* _WHAT THIS TASK INVOLVES_: From the entries below, return only the lines starting at the one that contains "Abstract Watercolor Art Socks (Left)" and ending at the one that contains "recycling bin lock", exactly as they stand.

* _EXERCISE INPUT_:
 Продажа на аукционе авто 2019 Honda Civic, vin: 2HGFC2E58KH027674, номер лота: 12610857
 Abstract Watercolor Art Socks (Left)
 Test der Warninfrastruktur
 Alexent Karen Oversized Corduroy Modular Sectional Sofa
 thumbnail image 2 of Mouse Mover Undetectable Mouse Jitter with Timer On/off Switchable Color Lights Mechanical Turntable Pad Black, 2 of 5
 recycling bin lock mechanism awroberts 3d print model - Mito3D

==

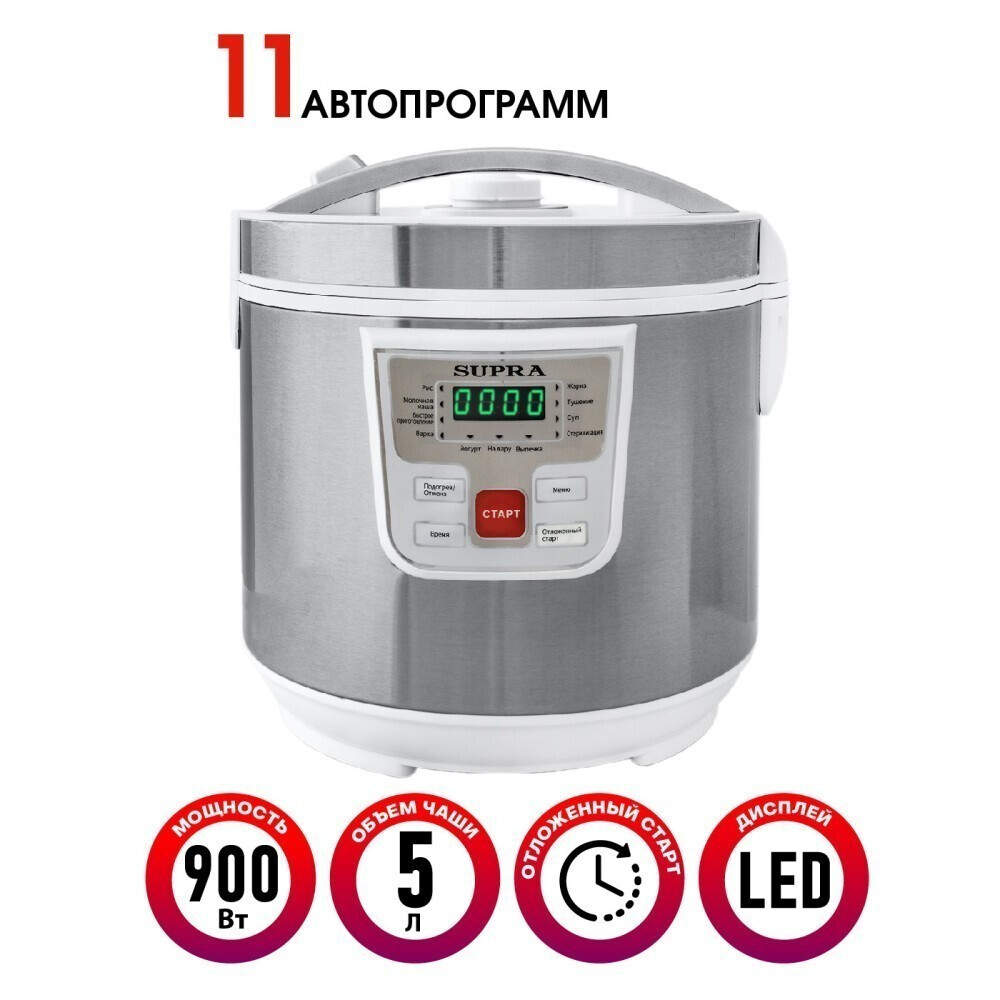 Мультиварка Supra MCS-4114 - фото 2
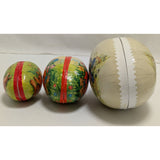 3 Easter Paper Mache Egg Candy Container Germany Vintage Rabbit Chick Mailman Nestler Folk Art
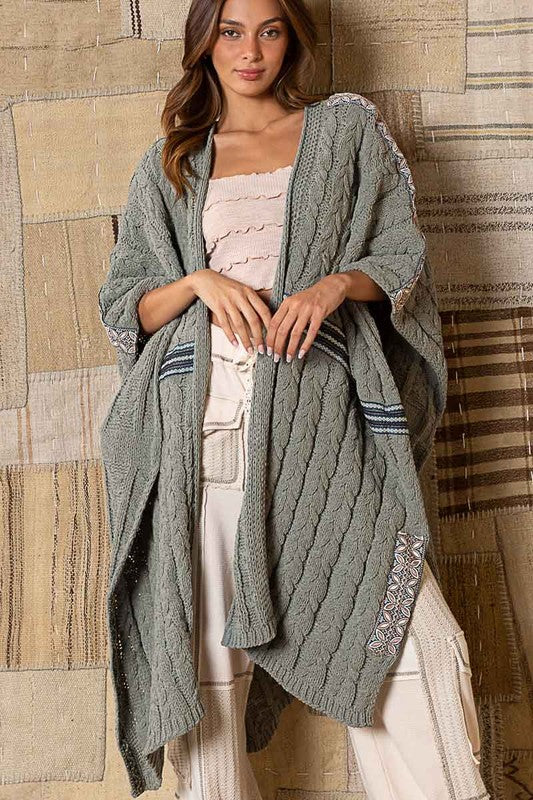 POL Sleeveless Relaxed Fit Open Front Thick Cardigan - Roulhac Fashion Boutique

---

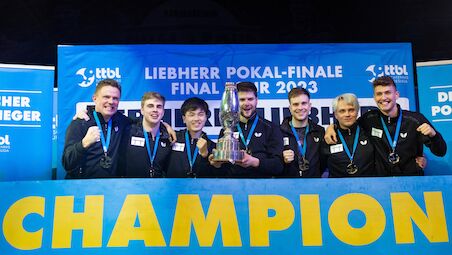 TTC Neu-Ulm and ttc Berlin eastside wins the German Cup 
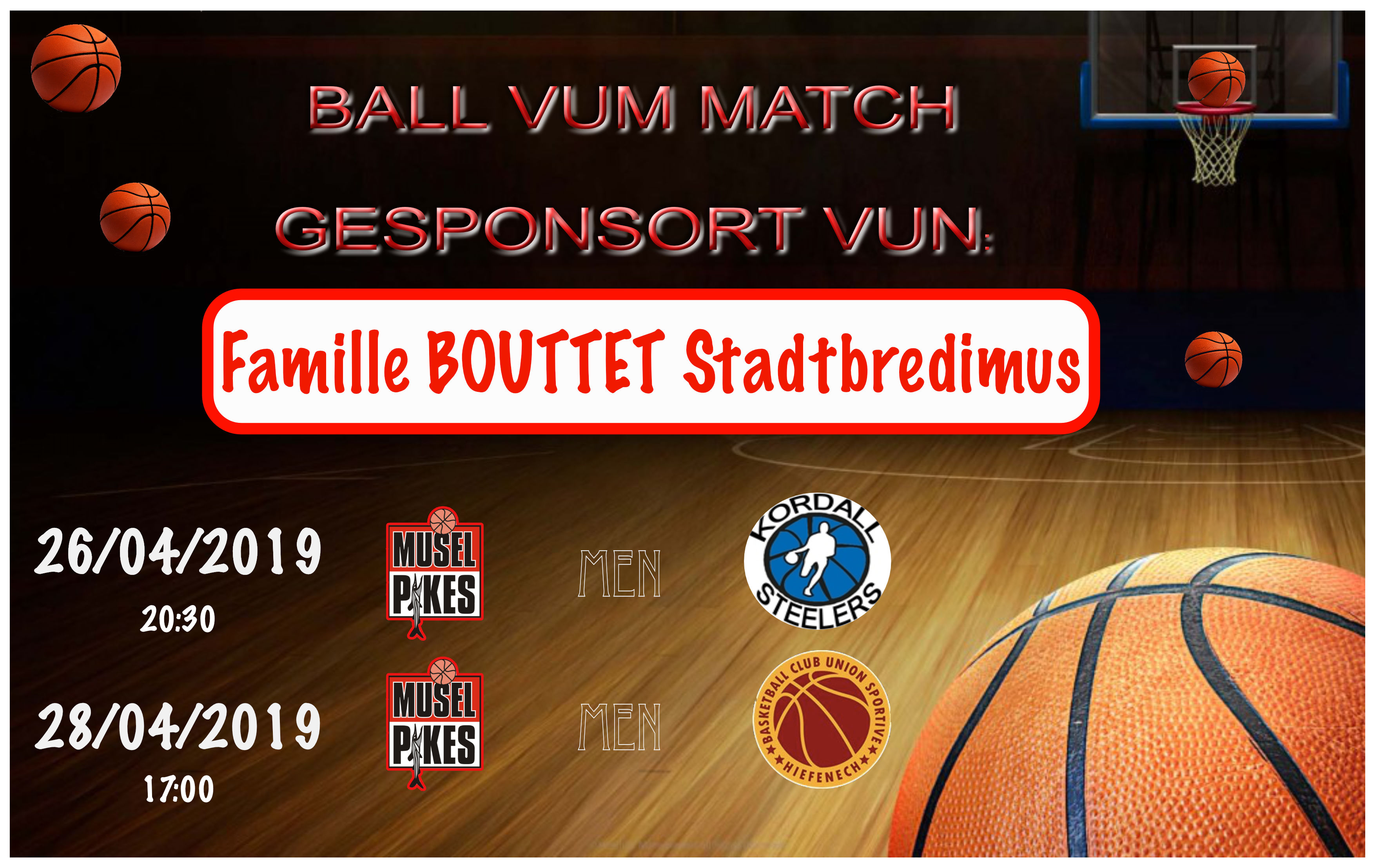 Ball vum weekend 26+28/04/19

* _RESULT FOR THIS TASK_:
 Abstract Watercolor Art Socks (Left)
 Test der Warninfrastruktur
 Alexent Karen Oversized Corduroy Modular Sectional Sofa
 thumbnail image 2 of Mouse Mover Undetectable Mouse Jitter with Timer On/off Switchable Color Lights Mechanical Turntable Pad Black, 2 of 5
 recycling bin lock mechanism awroberts 3d print model - Mito3D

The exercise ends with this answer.